Give the number of lines in the entries below that hold "Abbey", with no accompanying words.
____________
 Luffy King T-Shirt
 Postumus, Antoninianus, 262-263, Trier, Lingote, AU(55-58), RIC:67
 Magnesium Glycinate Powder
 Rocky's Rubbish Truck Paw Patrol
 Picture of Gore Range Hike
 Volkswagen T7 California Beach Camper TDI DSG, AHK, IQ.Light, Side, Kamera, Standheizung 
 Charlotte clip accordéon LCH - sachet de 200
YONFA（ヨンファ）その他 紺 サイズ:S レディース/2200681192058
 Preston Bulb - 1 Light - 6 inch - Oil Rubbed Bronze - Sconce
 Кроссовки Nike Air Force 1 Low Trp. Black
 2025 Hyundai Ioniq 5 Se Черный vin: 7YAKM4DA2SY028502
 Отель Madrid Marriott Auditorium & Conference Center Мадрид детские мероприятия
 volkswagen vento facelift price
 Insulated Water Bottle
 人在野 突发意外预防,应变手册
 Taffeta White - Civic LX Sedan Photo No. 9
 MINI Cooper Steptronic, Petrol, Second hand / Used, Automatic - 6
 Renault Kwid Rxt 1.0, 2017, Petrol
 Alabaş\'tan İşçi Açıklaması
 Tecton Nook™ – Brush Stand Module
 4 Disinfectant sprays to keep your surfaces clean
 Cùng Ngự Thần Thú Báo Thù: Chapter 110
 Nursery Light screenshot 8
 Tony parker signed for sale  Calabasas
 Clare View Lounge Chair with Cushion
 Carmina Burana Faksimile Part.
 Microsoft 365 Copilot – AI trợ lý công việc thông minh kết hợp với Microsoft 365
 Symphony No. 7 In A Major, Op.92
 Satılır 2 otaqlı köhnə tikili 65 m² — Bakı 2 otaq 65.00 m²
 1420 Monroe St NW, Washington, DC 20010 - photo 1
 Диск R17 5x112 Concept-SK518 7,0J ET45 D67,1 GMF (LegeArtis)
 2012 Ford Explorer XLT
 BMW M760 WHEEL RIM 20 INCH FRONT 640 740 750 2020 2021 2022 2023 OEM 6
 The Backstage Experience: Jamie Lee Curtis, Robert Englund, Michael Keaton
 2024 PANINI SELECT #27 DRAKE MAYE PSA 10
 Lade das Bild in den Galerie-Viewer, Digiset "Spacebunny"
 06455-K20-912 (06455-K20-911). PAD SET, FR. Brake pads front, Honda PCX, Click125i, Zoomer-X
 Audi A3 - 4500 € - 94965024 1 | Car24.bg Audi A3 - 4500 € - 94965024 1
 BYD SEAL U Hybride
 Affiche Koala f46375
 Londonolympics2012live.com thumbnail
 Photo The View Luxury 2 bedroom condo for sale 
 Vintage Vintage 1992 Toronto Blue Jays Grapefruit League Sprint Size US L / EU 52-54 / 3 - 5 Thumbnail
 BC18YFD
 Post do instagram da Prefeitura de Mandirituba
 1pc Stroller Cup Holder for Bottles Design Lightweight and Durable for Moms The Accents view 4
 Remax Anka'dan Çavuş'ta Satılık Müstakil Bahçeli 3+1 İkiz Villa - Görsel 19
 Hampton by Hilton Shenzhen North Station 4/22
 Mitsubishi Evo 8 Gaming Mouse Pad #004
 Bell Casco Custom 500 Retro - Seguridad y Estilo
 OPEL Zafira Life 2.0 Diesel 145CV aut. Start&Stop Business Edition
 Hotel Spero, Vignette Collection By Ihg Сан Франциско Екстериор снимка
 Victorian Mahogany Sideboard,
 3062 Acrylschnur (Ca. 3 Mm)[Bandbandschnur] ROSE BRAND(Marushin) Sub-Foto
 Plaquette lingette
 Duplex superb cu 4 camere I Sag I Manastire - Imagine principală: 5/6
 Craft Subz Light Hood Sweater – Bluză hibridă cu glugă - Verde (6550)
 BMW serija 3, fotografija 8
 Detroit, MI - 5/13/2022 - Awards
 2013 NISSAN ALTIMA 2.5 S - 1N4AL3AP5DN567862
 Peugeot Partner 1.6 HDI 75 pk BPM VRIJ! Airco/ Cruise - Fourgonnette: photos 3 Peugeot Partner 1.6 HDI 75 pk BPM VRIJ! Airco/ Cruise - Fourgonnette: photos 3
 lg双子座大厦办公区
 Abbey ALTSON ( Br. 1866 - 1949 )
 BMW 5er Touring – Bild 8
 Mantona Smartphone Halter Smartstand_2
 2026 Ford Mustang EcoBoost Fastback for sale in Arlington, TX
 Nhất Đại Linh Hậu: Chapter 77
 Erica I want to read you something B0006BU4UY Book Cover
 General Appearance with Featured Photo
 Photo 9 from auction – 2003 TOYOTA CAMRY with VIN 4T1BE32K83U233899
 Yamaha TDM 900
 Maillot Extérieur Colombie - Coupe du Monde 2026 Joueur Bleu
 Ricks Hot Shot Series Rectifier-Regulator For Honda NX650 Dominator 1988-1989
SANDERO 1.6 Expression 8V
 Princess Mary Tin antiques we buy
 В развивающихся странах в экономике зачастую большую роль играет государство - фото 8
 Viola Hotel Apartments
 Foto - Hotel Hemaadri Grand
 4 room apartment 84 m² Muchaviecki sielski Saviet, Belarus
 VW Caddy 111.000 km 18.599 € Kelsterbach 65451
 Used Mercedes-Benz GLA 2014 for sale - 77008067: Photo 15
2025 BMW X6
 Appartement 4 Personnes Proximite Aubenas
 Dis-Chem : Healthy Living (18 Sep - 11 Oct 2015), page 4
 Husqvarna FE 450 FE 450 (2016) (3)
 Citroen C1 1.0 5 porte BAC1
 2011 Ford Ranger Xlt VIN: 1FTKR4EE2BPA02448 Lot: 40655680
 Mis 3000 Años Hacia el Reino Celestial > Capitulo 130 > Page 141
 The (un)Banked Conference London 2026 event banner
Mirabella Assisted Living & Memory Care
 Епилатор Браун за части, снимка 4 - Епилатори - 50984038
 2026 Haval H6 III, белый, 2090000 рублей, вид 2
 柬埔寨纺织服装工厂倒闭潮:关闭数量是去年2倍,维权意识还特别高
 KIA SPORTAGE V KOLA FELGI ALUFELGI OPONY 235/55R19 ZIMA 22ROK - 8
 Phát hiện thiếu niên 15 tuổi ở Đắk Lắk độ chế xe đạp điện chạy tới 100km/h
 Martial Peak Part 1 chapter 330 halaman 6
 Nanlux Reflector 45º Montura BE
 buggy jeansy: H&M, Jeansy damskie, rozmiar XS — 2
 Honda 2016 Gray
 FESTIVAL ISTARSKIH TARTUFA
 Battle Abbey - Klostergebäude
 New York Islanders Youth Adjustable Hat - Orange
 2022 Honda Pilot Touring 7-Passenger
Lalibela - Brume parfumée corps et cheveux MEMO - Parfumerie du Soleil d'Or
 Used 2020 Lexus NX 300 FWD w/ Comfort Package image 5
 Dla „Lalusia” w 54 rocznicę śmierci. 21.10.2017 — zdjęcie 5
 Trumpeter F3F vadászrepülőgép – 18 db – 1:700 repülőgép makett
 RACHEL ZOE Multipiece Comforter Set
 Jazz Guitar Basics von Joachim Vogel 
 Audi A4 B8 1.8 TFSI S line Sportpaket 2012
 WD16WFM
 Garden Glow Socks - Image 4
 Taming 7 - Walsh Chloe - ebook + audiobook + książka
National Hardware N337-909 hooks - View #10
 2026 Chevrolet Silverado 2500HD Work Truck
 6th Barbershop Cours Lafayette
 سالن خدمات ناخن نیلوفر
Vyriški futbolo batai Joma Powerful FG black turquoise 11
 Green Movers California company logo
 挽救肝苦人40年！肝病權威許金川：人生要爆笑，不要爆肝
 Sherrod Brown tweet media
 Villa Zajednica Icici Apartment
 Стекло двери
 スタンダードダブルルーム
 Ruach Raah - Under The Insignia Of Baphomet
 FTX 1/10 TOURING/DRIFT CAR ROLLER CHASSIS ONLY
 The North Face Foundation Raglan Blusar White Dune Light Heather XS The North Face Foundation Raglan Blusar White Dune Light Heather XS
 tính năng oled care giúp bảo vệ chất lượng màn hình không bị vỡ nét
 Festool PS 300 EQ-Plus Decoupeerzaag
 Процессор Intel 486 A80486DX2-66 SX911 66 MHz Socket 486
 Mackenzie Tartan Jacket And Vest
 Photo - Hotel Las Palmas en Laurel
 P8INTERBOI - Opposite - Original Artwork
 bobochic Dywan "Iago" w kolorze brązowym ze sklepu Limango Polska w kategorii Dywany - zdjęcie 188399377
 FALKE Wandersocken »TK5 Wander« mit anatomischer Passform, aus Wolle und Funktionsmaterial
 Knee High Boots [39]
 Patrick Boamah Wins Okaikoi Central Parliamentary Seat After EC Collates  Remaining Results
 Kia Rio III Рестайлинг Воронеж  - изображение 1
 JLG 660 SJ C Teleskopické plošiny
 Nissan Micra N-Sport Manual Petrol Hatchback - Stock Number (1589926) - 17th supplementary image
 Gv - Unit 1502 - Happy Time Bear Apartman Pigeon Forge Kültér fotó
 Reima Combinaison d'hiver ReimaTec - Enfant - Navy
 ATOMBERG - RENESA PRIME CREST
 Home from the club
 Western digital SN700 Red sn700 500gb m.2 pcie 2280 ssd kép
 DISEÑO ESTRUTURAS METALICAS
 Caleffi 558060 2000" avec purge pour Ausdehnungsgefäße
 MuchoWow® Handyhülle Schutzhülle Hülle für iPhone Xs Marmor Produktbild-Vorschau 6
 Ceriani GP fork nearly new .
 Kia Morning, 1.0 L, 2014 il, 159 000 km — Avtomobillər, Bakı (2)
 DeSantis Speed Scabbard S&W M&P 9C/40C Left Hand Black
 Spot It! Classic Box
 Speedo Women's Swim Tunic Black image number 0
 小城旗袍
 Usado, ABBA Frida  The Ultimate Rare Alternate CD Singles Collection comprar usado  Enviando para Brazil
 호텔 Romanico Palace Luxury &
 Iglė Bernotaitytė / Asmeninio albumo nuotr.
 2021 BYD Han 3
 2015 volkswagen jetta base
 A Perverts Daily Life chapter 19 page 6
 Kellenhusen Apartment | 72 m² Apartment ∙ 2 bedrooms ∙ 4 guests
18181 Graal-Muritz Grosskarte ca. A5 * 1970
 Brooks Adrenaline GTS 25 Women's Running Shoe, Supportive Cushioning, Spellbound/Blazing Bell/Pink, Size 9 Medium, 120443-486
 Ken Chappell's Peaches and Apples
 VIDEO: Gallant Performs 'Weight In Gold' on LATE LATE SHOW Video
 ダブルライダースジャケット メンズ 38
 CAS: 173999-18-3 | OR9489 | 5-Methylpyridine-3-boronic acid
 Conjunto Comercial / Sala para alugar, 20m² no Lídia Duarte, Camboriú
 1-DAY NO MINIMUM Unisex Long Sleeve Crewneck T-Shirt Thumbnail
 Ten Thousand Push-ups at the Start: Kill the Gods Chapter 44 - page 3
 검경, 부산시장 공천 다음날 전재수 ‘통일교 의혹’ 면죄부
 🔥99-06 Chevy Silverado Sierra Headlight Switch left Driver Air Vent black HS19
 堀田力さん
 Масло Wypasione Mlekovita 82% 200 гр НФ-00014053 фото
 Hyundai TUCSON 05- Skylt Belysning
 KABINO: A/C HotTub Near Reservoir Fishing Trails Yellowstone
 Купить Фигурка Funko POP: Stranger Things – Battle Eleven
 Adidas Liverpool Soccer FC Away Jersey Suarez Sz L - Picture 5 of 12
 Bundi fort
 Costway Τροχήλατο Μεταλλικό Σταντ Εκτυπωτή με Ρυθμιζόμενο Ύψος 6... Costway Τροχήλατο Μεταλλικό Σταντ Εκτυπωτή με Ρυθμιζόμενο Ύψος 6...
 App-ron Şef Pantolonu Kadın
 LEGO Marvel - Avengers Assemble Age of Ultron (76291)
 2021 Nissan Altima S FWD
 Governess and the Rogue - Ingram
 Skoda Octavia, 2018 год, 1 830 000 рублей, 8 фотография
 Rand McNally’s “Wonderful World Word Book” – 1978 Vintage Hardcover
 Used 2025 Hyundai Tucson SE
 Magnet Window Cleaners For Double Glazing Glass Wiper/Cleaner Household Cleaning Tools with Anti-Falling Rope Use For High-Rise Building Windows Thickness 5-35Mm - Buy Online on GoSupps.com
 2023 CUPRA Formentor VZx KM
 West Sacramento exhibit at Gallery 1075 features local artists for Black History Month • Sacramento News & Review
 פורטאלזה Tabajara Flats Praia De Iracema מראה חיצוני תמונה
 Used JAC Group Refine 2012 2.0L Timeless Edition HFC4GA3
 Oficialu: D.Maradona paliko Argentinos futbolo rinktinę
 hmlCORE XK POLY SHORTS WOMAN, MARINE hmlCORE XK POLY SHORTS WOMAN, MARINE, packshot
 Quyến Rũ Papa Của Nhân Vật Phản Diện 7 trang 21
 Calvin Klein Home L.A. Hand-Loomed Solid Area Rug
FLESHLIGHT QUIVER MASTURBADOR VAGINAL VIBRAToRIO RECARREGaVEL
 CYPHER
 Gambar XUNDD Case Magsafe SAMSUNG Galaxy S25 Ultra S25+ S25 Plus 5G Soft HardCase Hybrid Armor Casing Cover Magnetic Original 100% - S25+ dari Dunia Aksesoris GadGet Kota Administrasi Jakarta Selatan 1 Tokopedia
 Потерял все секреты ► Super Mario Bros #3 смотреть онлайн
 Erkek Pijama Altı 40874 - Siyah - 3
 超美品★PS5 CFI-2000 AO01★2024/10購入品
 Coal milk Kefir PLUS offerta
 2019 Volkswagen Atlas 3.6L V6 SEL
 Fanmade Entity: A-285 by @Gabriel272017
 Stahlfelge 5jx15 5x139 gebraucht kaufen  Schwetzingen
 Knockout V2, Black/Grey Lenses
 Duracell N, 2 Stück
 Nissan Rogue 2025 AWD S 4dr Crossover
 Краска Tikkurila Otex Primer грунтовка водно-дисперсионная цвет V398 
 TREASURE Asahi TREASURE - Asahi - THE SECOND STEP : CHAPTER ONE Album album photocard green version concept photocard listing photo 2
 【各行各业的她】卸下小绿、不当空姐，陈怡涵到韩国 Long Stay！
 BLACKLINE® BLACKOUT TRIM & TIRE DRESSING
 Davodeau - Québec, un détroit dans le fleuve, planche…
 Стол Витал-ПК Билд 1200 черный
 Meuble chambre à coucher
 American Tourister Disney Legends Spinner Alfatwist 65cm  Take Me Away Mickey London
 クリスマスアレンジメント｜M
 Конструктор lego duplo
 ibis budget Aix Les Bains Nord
____________
**Task response:** 2